Dataset records
[Start of Attachment]

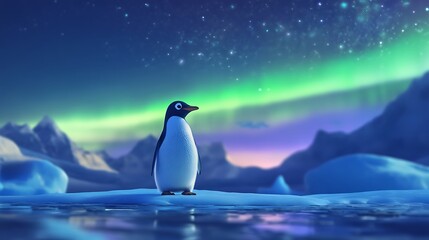 Obraz premium Penguin Under the Aurora Borealis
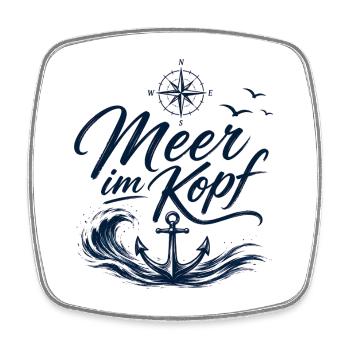 Meer im Kopf- Maritime Mode mit Anker  - Viereckiger Kühlschrankmagnet - Weiß - Vorne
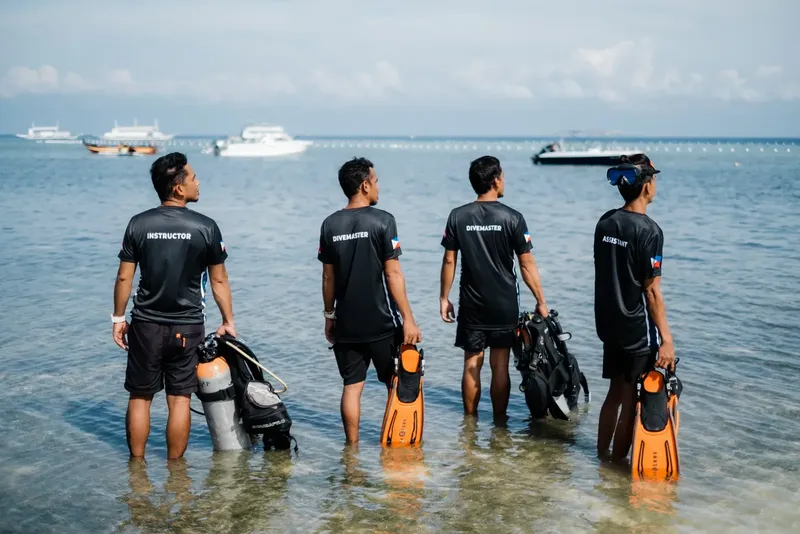 Quatre plongeurs regardent la mer avec leur équipement complet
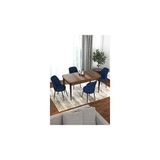 Canisa Via Serisi Barok Ahşap Desen Masa 80x132 cm Açılabilir Mutfak Masa Takımı, 4 Sandalye Lacivert Mutfak Masa Takımı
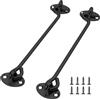 CHSEROK 2 Pezzi Gancio Fermaporta, 250mm Acciaio Inox Chiavistello Porta con Occhielli, Nero Ferma Persiane con 8 Viti, Gancio per Persiane per Chiuder, Casa, Giardino, Recinzione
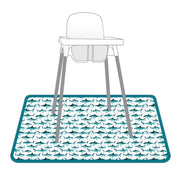 Shark Attack Splash Mat - A Waterproof Catch-All for Highchair Spills and More!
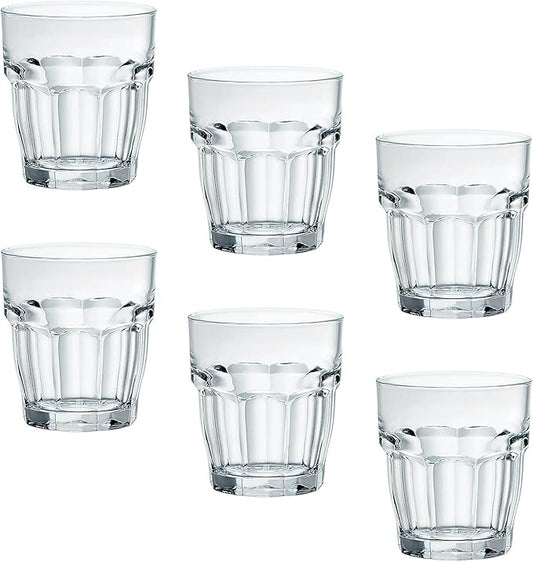 Bormioli Rocco Rock Bar Stackable Rocks Glasses, Set of 6, 9 1/4oz.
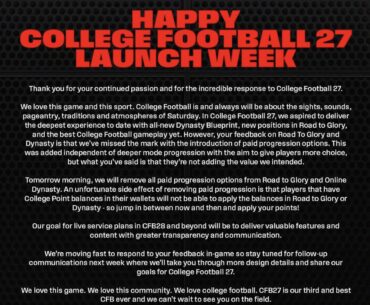 EA finally caved and plans to fix College Football 27 Microtransaction model after widespread community backlash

[End of Attachment]

◆ Exercise:
Leave the pictures aside and give every entry above again word for word.

◆ Written answer:
 Obraz premium Penguin Under the Aurora Borealis
 Meer im Kopf- Maritime Mode mit Anker  - Viereckiger Kühlschrankmagnet - Weiß - Vorne
 Quatre plongeurs regardent la mer avec leur équipement complet
 Canisa Via Serisi Barok Ahşap Desen Masa 80x132 cm Açılabilir Mutfak Masa Takımı, 4 Sandalye Lacivert Mutfak Masa Takımı
 CHSEROK 2 Pezzi Gancio Fermaporta, 250mm Acciaio Inox Chiavistello Porta con Occhielli, Nero Ferma Persiane con 8 Viti, Gancio per Persiane per Chiuder, Casa, Giardino, Recinzione
 Shark Attack Splash Mat - A Waterproof Catch-All for Highchair Spills and More!
 Bormioli Rocco Rock Bar Stackable Rocks Glasses, Set of 6, 9 1/4oz.
 EA finally caved and plans to fix College Football 27 Microtransaction model after widespread community backlash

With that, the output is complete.